--- INFORMATION SUPPLIED Enclosed Below ---

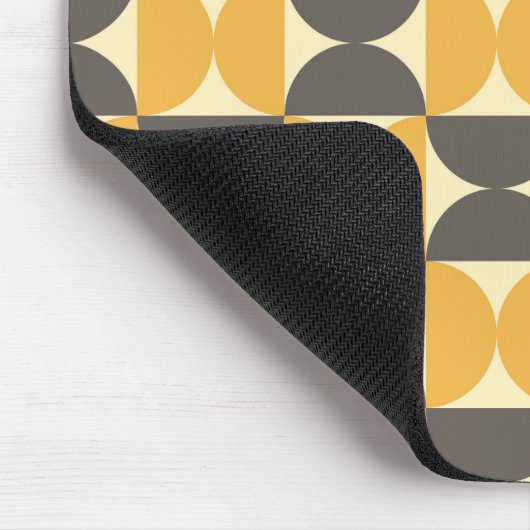 Mid-Century Modern Brown & Gold Pattern Muismat (Hoek)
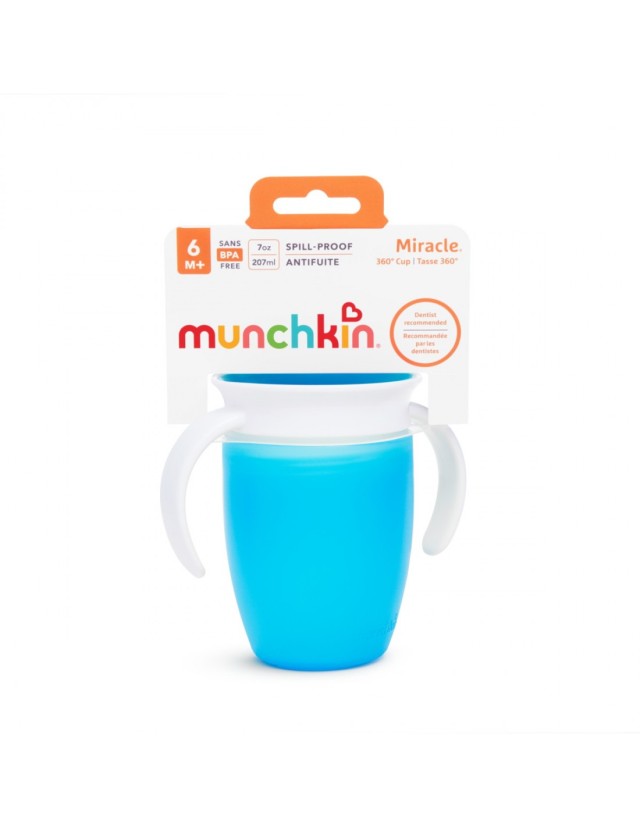 Munchkin Παιδικό Κύπελλο Miracle 360 Trainer Cup 6m+ με χερούλια 207ml Μπλε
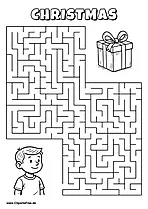 Hilf dem Kind, den Weg zum Geschenk zu Weihnachten zu finden - Irrgarten, Rätsel zum Drucken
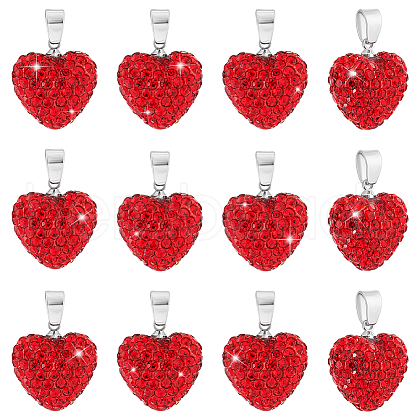   12Pcs Polymer Clay Rhinestone Pendants RB-PH0001-55-1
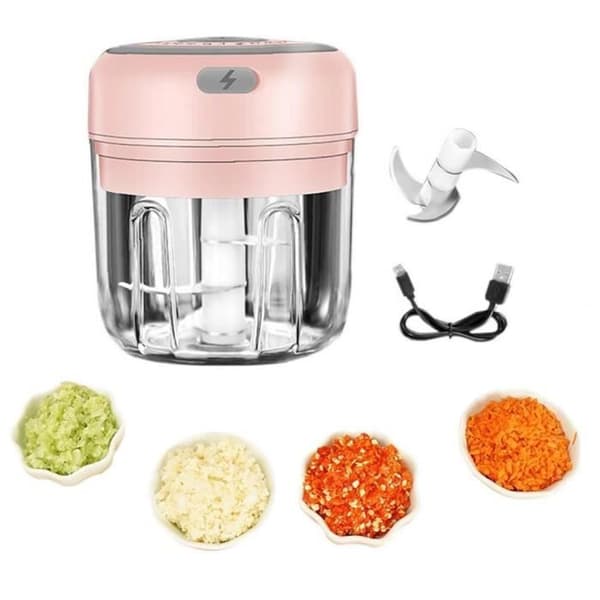 Electric Garlic Press, Cordless Grinder, Portable Mini Chopper, Pink, 250ml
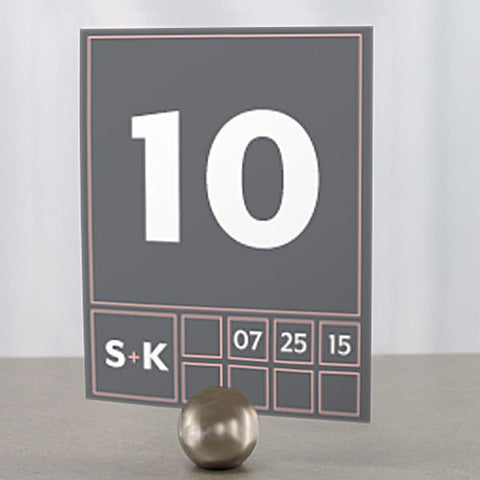Times Square Table Number Numbers 1-12 White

--- End of Enclosed INFORMATION SUPPLIED ---

→ **HOW TO COMPLETE THIS TASK**:
Keep every word of the records exact as you write them out, but drop the pictures.

→ **EXPECTED ANSWER**:
 Mid-Century Modern Brown & Gold Pattern Muismat (Hoek)
 Munchkin Παιδικό Κύπελλο Miracle 360 Trainer Cup 6m+ με χερούλια 207ml Μπλε
 Hilf dem Kind, den Weg zum Geschenk zu Weihnachten zu finden - Irrgarten, Rätsel zum Drucken
   12Pcs Polymer Clay Rhinestone Pendants RB-PH0001-55-1
 Electric Garlic Press, Cordless Grinder, Portable Mini Chopper, Pink, 250ml
Times Square Table Number Numbers 1-12 White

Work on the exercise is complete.